2024 IAP, Part II, Feelingz
Part II, Feelingz
Have you ever seen the look on someone’s face right after they’ve been kicked in the gut by Bruce Lee? There’s been a couple times in my life when that was me: “Get in the car! (see: arrest)”, “Ladies and gentlemen, welcome onboard flight EK97 from Dubai to Boston.” and the most recent one (drumroll please): “I think to love and to be loved is the greatest thing you can find in life.” You would think the more played out a sentence is, the lighter the blow is going to be. You simple buffoon. Does Bruce Lee’s kicks get less awesome the more he does them?
Now why did this leave me looking like Chuck Norris in Enter the Dragon? ( related: Will concussed) The answer didn’t come easy for me. You see, I’ve been pretty out of touch with my own emotions so even the things like “Why does the Moana soundtrack make me cry?” need “figuring out”.
“Unique”, “One-of-a-kind”, “Unparalleled”, “Outstanding”, etc. Being outside the normal distribution has always been romanticized by human kind. (See: mega loser vs popular kid) Before coming to college, I was the outlier datapoint in my friend groups. Not in a bad way, quite the opposite actually. I was the one people envied, the “cooler” one, the one who had best of all worlds. (See: Narcissism, hair flips). Let’s say society measures our accomplishments on two axis, an individual axis and a social axis, then by scoring just above average on the social axis and relying on the individual axis, I was already way out of distribution back home. I was able to comfortably enjoy the mediocrity of being the average dumb teenager with my friends, living through every teenage cliche in the books.
Here, my closest friend “group” is a group of strong-minded extremely independent self-aware individuals. My relationship with them is unlike anything I’ve ever had in my life, non-judgmental, deep to the bones and a thread separate from la vie quotidian. I am constantly pushed and inspired by them, but this also means that the scale on the individual axis keeps getting bigger and bigger. All the work we are doing, all the concepts , his big talk that gets passed around like a football between us, all this wanting to go big, it’s all extremely important and valuable to me and I know and I recognize that value, but damn its all too serious for a bunch of college students.

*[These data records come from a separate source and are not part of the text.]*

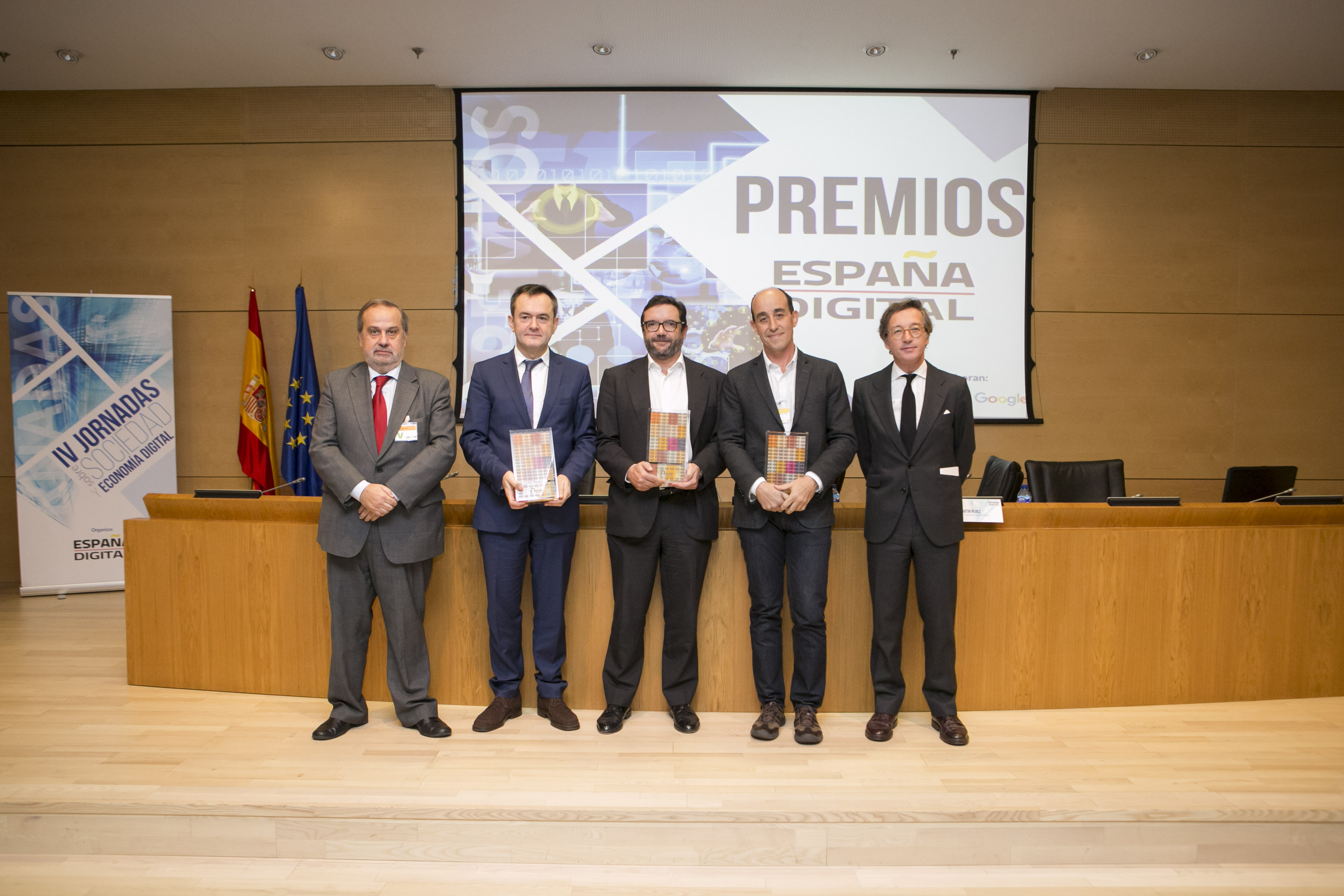 Entrega de los premios “España Digital 2016”
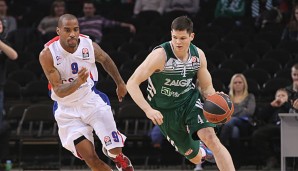 Vytenis Cizauskas spielte schon für Zalgiris Kaunas in der Euroleague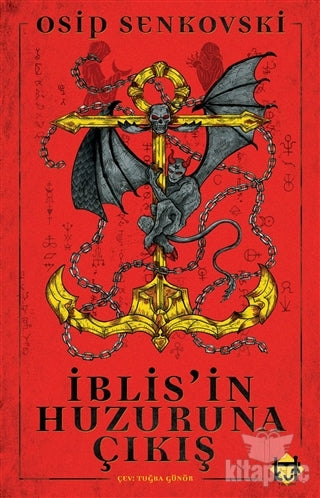 İblis`in Huzuruna Çıkış - Osip Senkovski kitap kapağı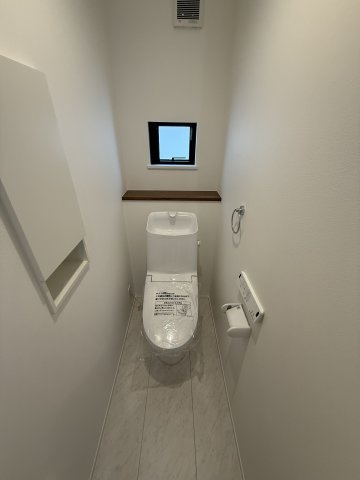 ウイングスカイ南大塚未入居戸建　全10棟のトイレ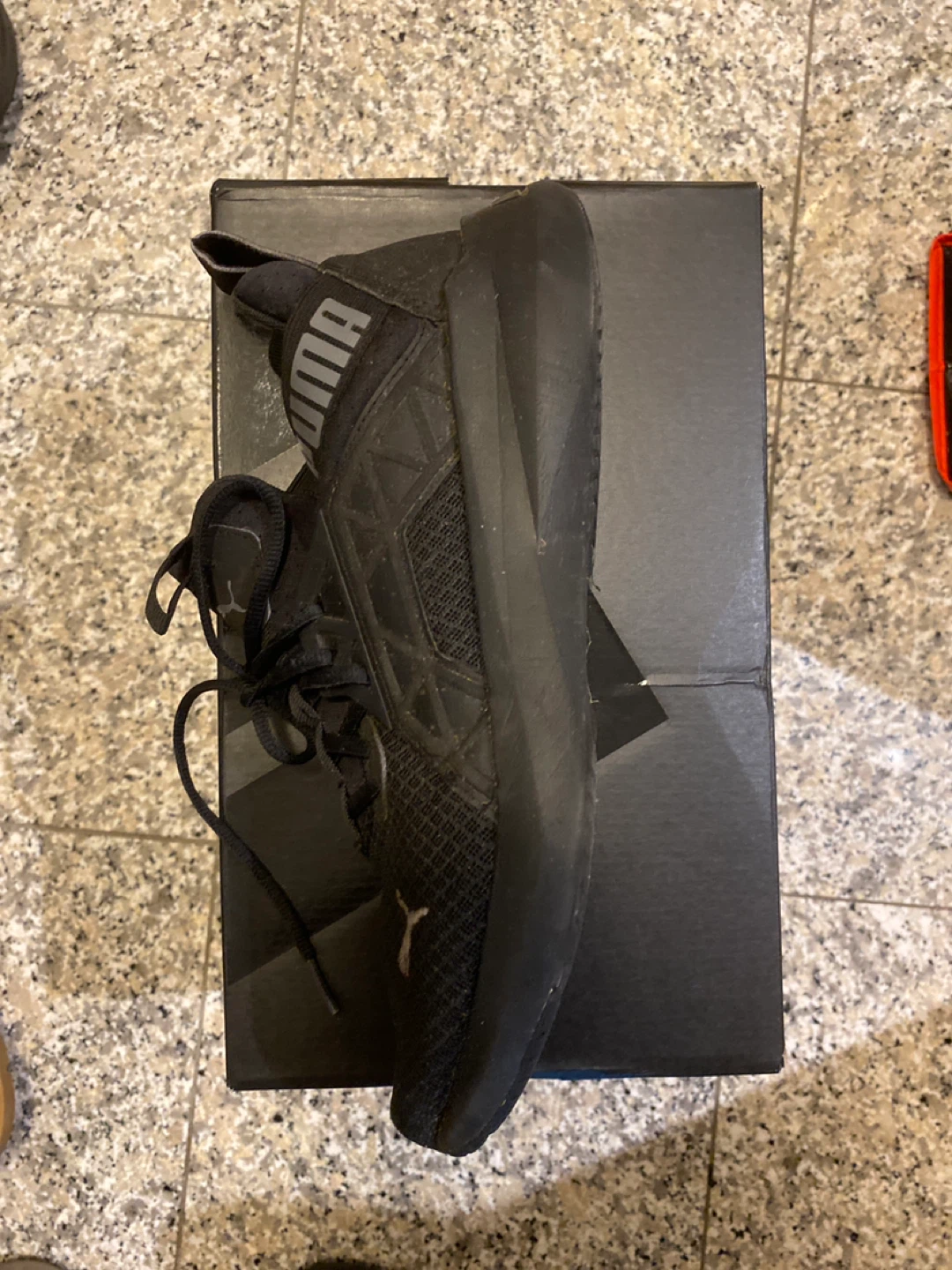 Puma Black Athletic Shoes - photo 2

I got caught off guard by what Jordan said, because I of all people, used to think that. I used to want, with all I had, to love. To love someone as a partner, to love my friends and to love life. I used to want to end up passed out on a couch not remembering what happened on a Saturday night. I used to want to stay up all night talking boys with my girlfriends. I used to want to have crushes for people and fall for them, stay up all night talking to them. I used to want all the dumb college things. At some point in the past year, they lost value to me. I still did them out of an inner feeling of obligation and guilt, but damn it I want to LIVE them. This doesn’t trade off against being ambitious or doing shit but rather the opposite, it gives meaning to it. The feeling of excitement and ecstasy of building, of solving a cool problem in the world, is real and important to me. But so is the feeling of living and experiencing all stages of life. This is me accepting that my feelings are valid and that they need recognition. “Living College” is no longer something I am going to account for in my schedule, it is just something that I am going to do.
I wish it had taken something easier than 40 miles of biking on a mountain(see : Carmel to Monterey), two days of isolation and a mental breakdown for me to realize this, but I do now.